I returned to the living room, my coat already on, my bag slung across my shoulders. Beatrice was absorbed in her comics. My stepmother sat across from her, reading a magazine. If Beatrice and I had not been sent away, if we had been allowed to be a family, maybe this is what it would have looked like. Both my stepmother and Beatrice turned the page in synchrony; they both tilted their heads to the left. I wondered if it could have worked. Perhaps Beatrice’s cheerfulness would have eased my stepmother’s anger. Perhaps a house full of children would have softened my father. Perhaps . . . but then my stepmother looked up, caught my eye, and the sharpness returned.

Perhaps not, I decided.

I realized with a sudden and inexplicable ache that this might be my last time in the house. My breath shook for a moment, and I did my best to calm it. I found myself, all of a sudden, crowded with memories. My mother in her coveralls. My mother in her embroidered dress. My mother playing cards with my aunt at the table, both tipping their heads back and laughing. My mother in the nude on the bed, my aunt rubbing oil into her wounds (two bite marks where her breasts had been; the shiny red remains of targeted burns; I know, obviously, that it wasn’t a monster that gave her those wounds, but oh! Memory is a funny thing). My mother tottering inside, returning from the hospital. My mother unconscious and bleeding on the floor. This house was filled with my mother. And also—

I gasped.

My aunt.

The last time I saw her.

“Um,” I began. “Is it okay if I go see my old room?”

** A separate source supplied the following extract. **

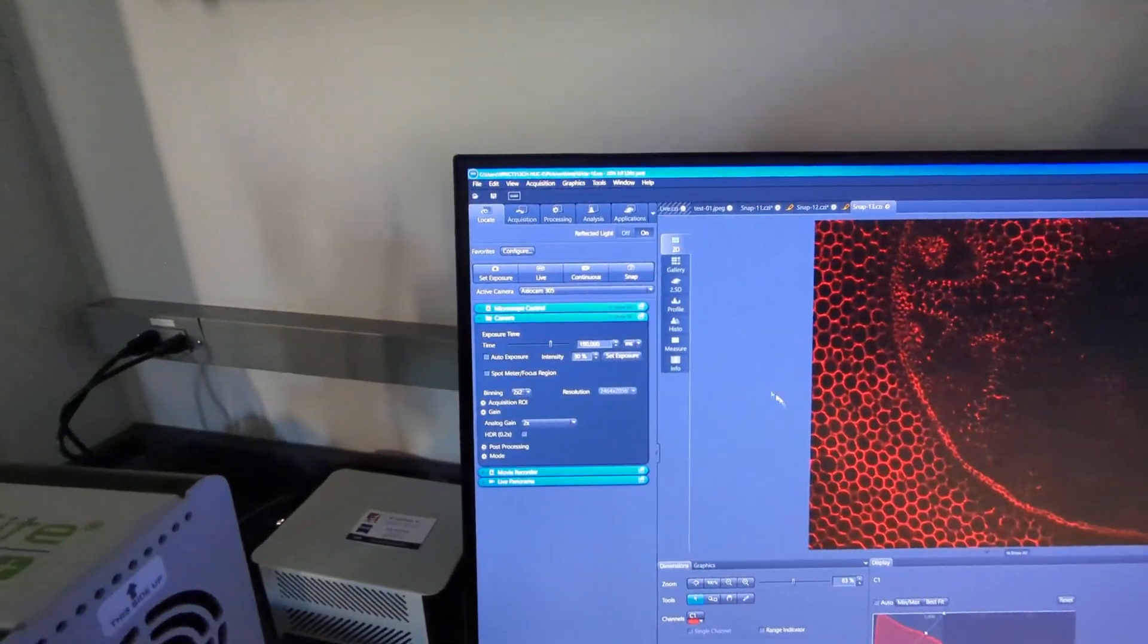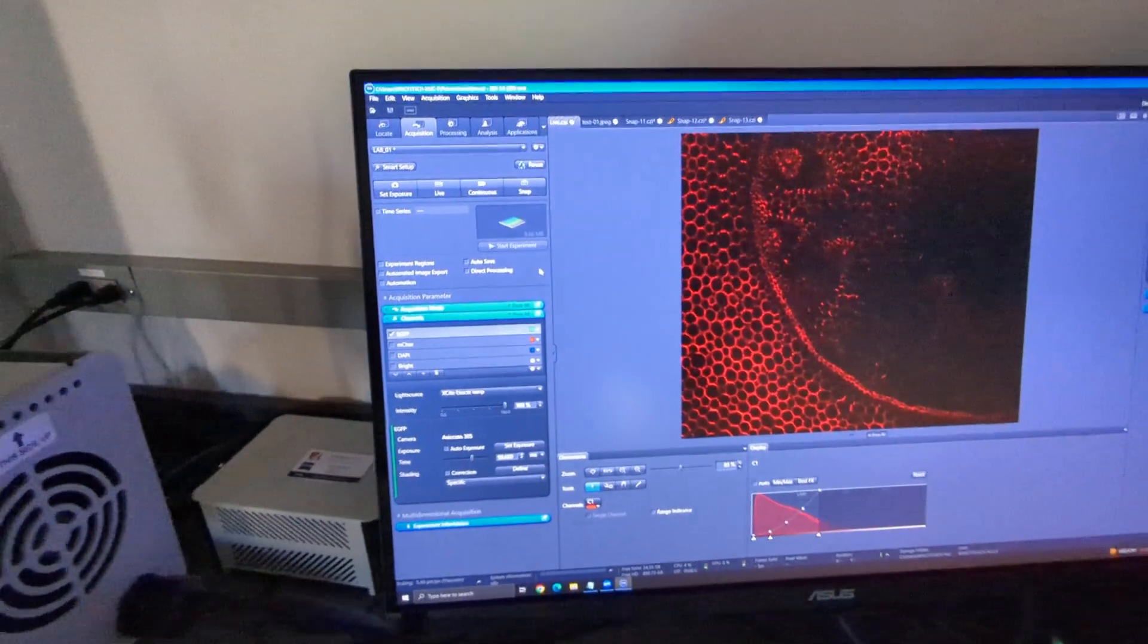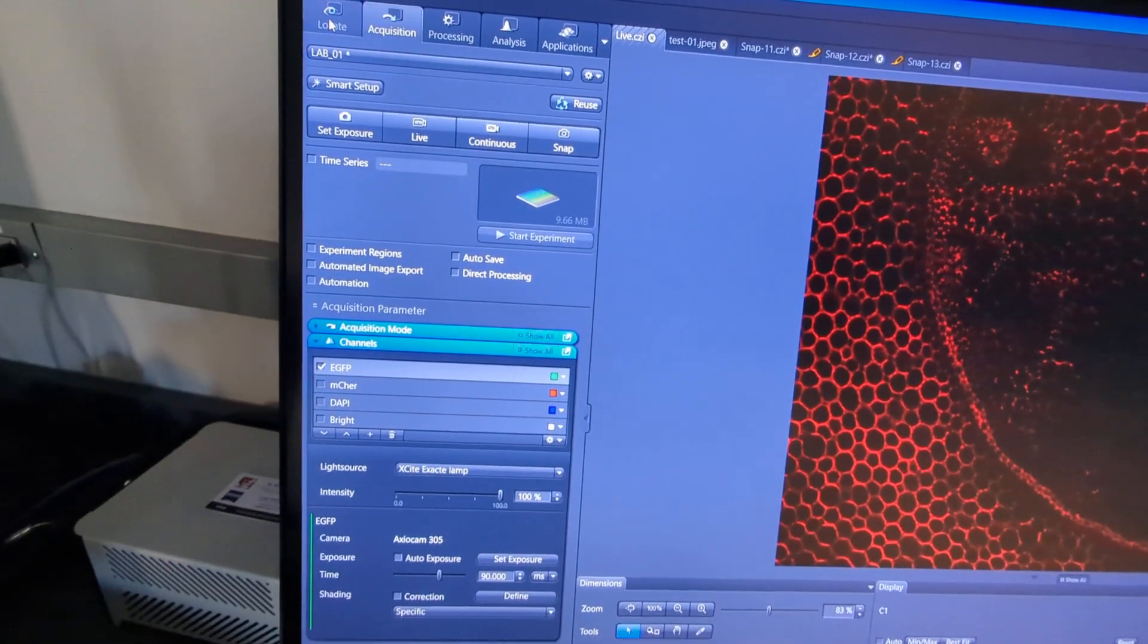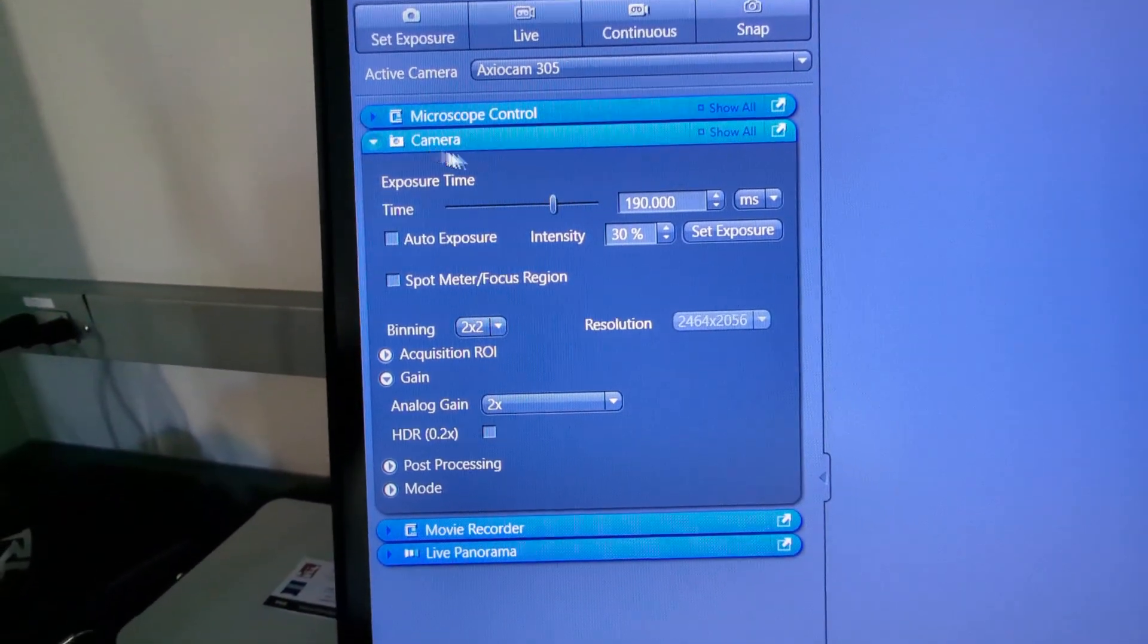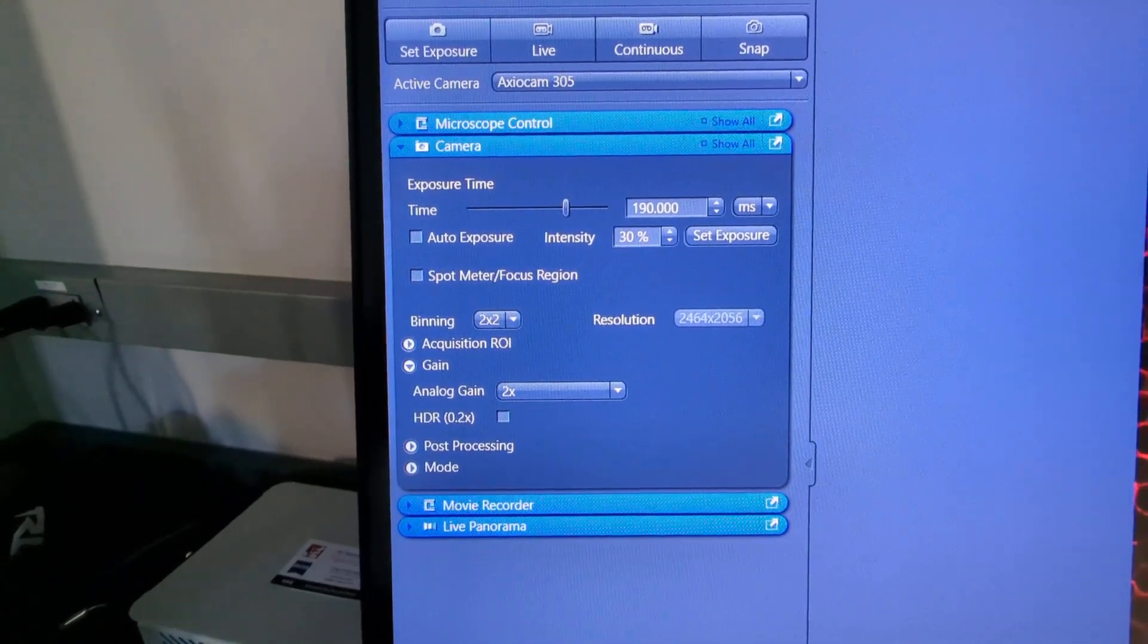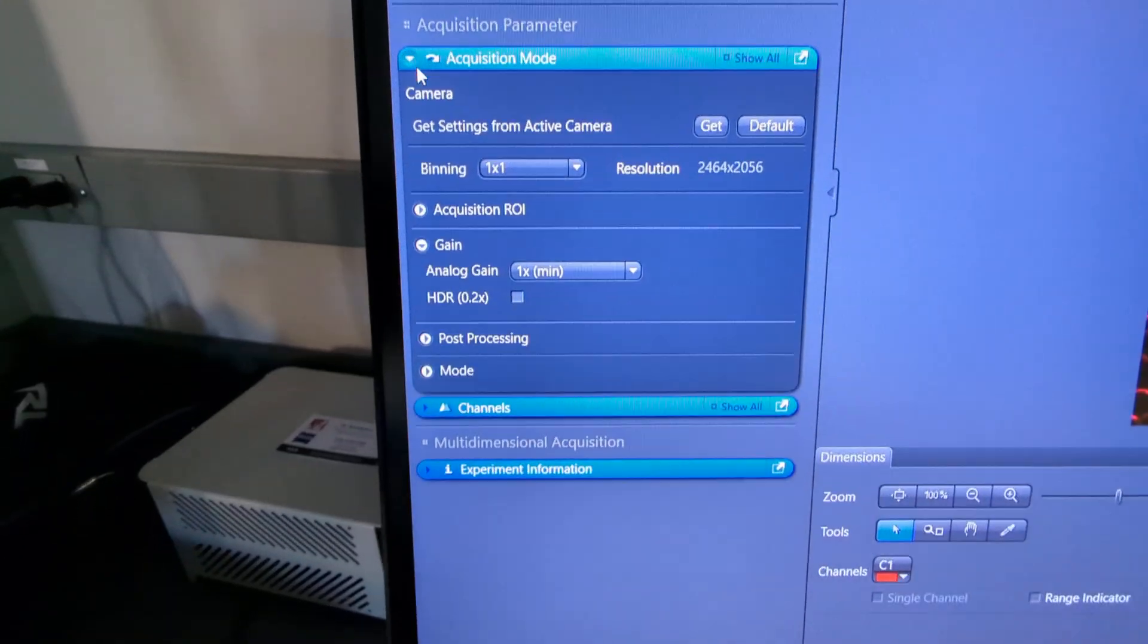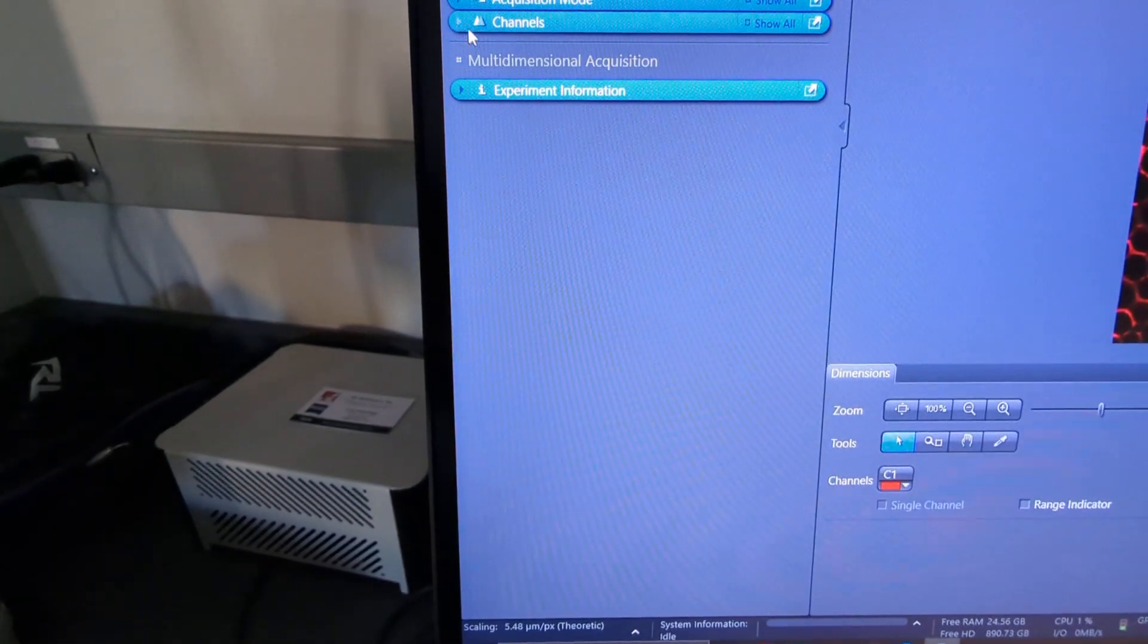Now let's go to the acquisition tab. It's a little bit different here. Instead of like on the locate tab where it had this camera window with all of those features in it, on the acquisition tab it changes to an acquisition mode which has the binning and the gain, but then your exposure is under the channels tab or window down here at the bottom.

She asked me to take her secret treasures. She asked me if I had a hiding spot.

My stepmother frowned. “Whatever for?”

My mother never knew.

I slid my hands into my pockets to keep myself from fidgeting. “Just to see it,” I said. I tried to keep my face neutral. Blank. Just like my mother. I rocked back on my heels in what I hoped was a nonchalant sort of way.

My stepmother tucked her magazine under one arm. “Suit yourself,” she said, walking out of the living room and toward the stairs. She kept talking without turning around. “Don’t expect me to see you out. I’m going to take a bath. Saturdays are supposed to be for me, you know.” As though all of this had been my idea. As though I was trading on her goodwill. She turned at the top of the stairs and closed the bathroom door behind her. I waited until I heard the taps turn on. I hurried upstairs. Beatrice didn’t follow. I don’t think she looked up from her comic book even once.

It didn’t look anything like it used to, my room. The clouds my mother had painted were gone, as was the old advertisement poster declaring JOIN THE WAVES that my aunt had given me. Also gone was the soft lavender paint on the walls. Instead, the walls were white, nicked and smudged by the rough play of rambunctious boys, and toys were everywhere.

I opened the closet and knelt on the floor.

The loose panel was still loose. I reached in and pulled the contents out—several notebooks, a series of drawings, a hand-bound book of paintings that Sonja had given me long ago, and the dragonish booklet and bundle of letters that my aunt had given me. I didn’t look at any of it. I didn’t linger. I just stuffed the lot of it into my bag, replaced the panel, and hurried out.

My stepmother had already retreated into the bathroom, with the thundering taps. Beatrice looked up from her comic book.